At least 47 students have been deprived from pursuing higher education due to their Baha’i conviction.
They had participated in and passed the national university entrance examination, some with outstanding results, but when checking in for their computer records, they received a message stating “deficient records” in the Evaluation Organization (Sanjesh).
“Deficient records” is an option used to block Baha’I students’ access to their computer records and inform them of being barred from continuing their higher education. This has become a common practice since 2006 and numerous students with Baha’i faith have faced this option in the results of the current year’s examinations.
Baha’is are routinely denied higher education. Even dozens of Baha’is who have successfully passed the national examinations and other hurdles to continue their education at the university level have been forced to drop out, even after several years.

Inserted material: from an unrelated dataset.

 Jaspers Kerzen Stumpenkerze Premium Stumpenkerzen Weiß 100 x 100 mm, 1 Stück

In a recent case in March 2018 Soha Izadi was expelled from a university in Zanjan, 207 miles west of Tehran, because of her Baha’i faith. She was told by university officials that the only way she could continue her studies was by renouncing her faith.

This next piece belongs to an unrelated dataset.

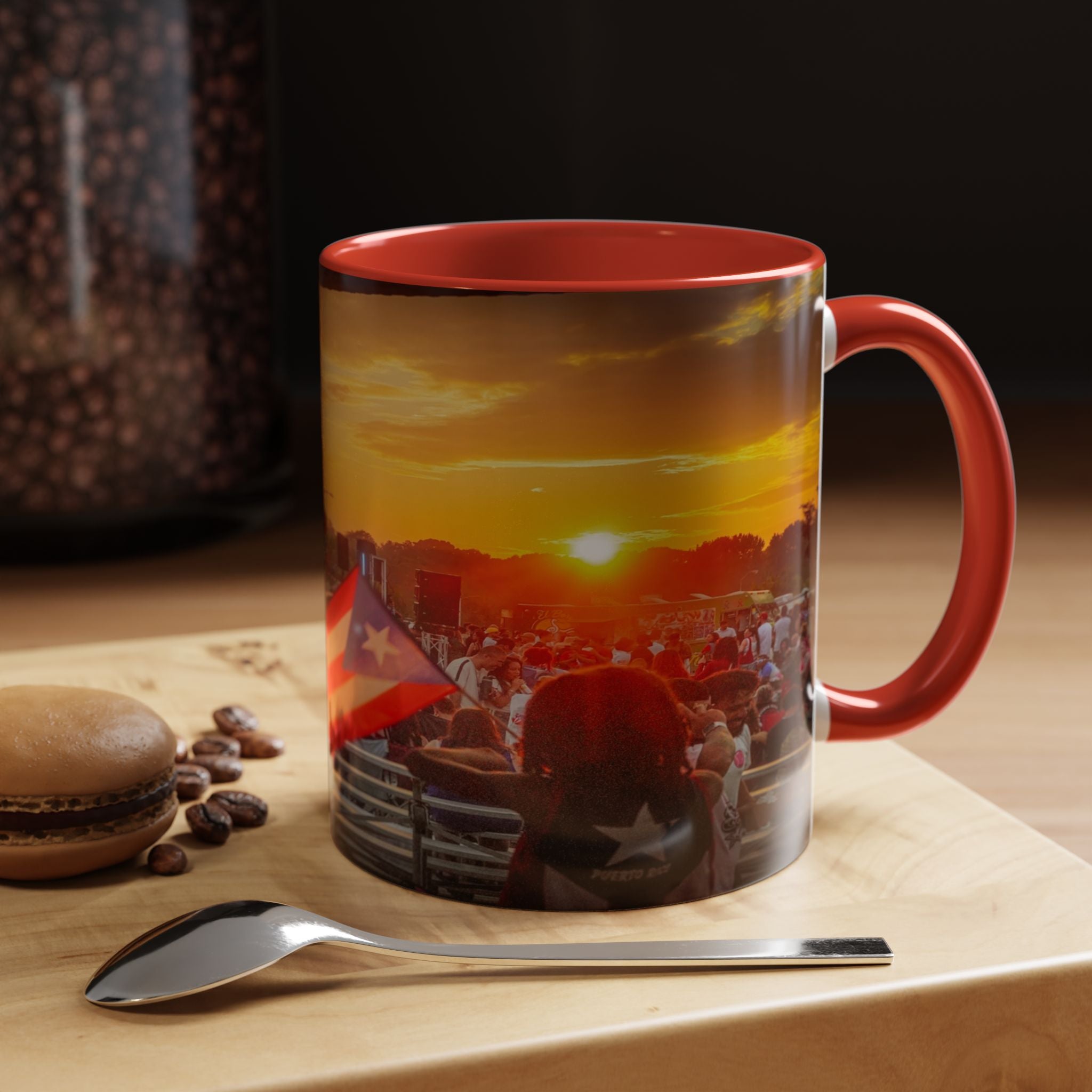 Boriken Festival 26 Ocean Beach Sunset - Coffee Mug 11oz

In university registration forms, students are required to reveal their religion, but Baha’is, who are a banned religious minority, usually leave it blank.
According to Article 1 of Iran’s Supreme Cultural Revolution Council’s Student Qualification Regulations, approved by Supreme Leader Ali Khamenei in 1991, students who take the national enrollment exam must either be Muslim or followers of other constitutionally sanctioned religions. Article 3 states that if a student is discovered to be a Baha’i after enrolling in a university, he or she will be expelled.